* _What to work on_:
Below are the records; give again exactly the lines from the one containing "Yes, we got" through the one containing "Welcome to the", leaving out pictures.

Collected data

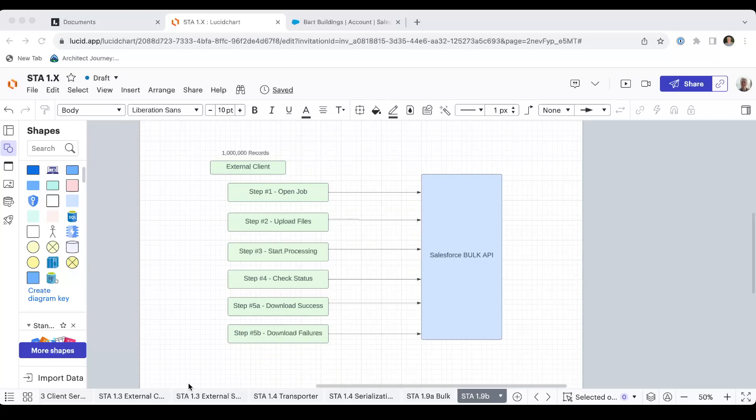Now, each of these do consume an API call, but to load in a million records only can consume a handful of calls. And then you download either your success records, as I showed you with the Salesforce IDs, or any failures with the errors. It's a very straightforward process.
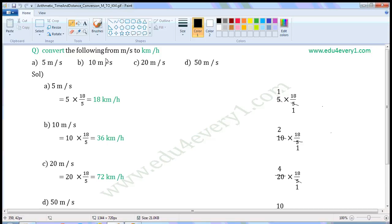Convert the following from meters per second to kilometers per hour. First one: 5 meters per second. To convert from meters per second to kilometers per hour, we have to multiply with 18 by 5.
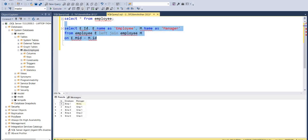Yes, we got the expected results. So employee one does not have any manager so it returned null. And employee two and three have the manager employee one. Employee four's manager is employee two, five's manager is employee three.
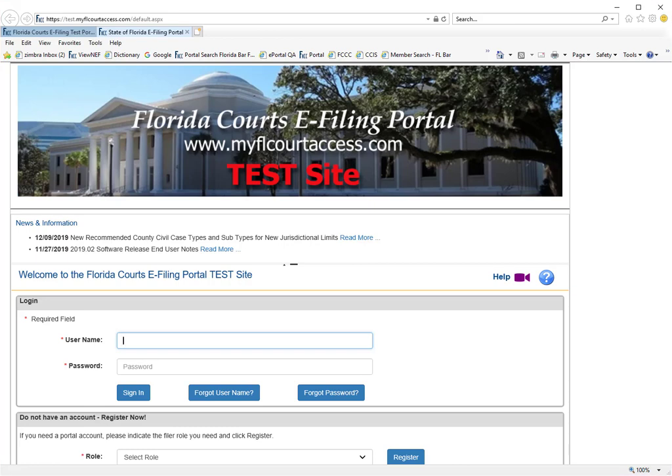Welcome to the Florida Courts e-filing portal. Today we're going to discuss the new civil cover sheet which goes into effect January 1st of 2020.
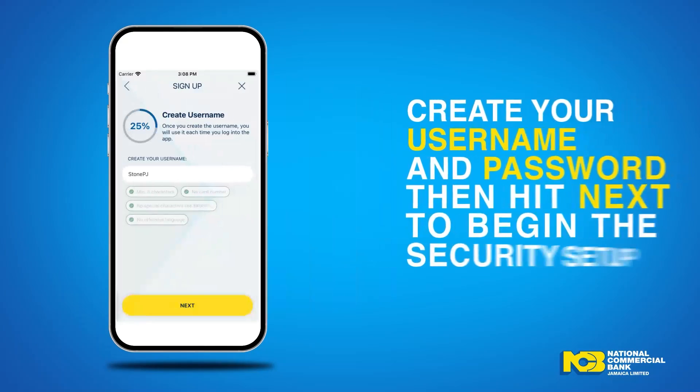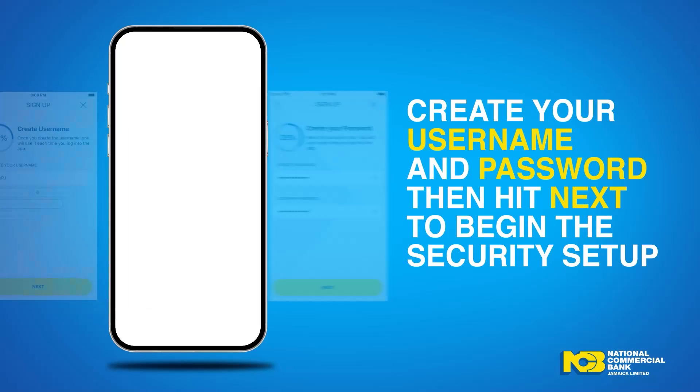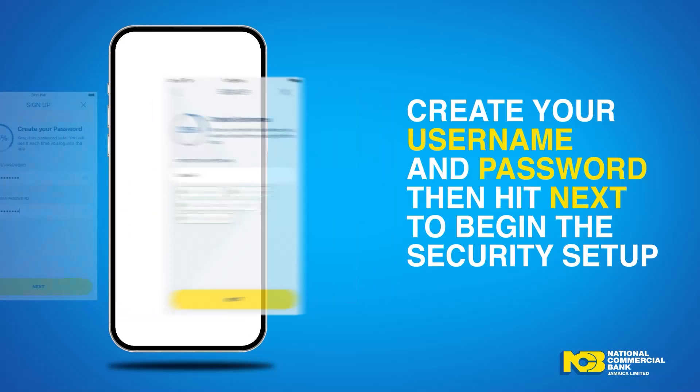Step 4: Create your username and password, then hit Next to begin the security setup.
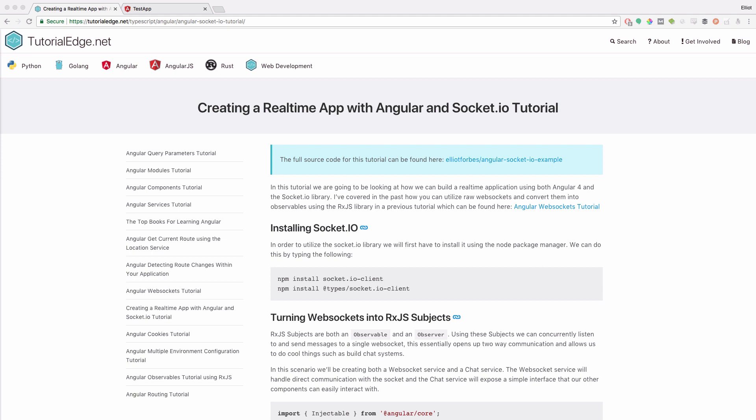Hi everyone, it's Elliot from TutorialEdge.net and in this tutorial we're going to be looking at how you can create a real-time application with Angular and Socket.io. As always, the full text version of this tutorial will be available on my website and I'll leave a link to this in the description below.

==

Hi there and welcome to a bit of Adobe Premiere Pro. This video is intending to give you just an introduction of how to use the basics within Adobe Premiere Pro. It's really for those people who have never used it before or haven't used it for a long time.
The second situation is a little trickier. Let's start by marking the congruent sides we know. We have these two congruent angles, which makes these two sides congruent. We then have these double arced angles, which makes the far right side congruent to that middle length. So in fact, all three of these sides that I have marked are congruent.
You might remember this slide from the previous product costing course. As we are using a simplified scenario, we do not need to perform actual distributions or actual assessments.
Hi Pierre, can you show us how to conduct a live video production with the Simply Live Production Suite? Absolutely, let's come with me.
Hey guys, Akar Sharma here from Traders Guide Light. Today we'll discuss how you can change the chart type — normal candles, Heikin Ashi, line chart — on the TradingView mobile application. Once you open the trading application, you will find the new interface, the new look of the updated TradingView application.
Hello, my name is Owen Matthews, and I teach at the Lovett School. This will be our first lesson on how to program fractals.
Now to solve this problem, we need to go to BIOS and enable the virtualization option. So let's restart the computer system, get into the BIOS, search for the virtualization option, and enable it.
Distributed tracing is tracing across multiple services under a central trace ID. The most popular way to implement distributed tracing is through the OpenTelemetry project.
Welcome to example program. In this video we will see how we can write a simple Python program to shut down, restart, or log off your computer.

* _Answer space_:
Yes, we got the expected results. So employee one does not have any manager so it returned null. And employee two and three have the manager employee one. Employee four's manager is employee two, five's manager is employee three.
Welcome to the Florida Courts e-filing portal. Today we're going to discuss the new civil cover sheet which goes into effect January 1st of 2020.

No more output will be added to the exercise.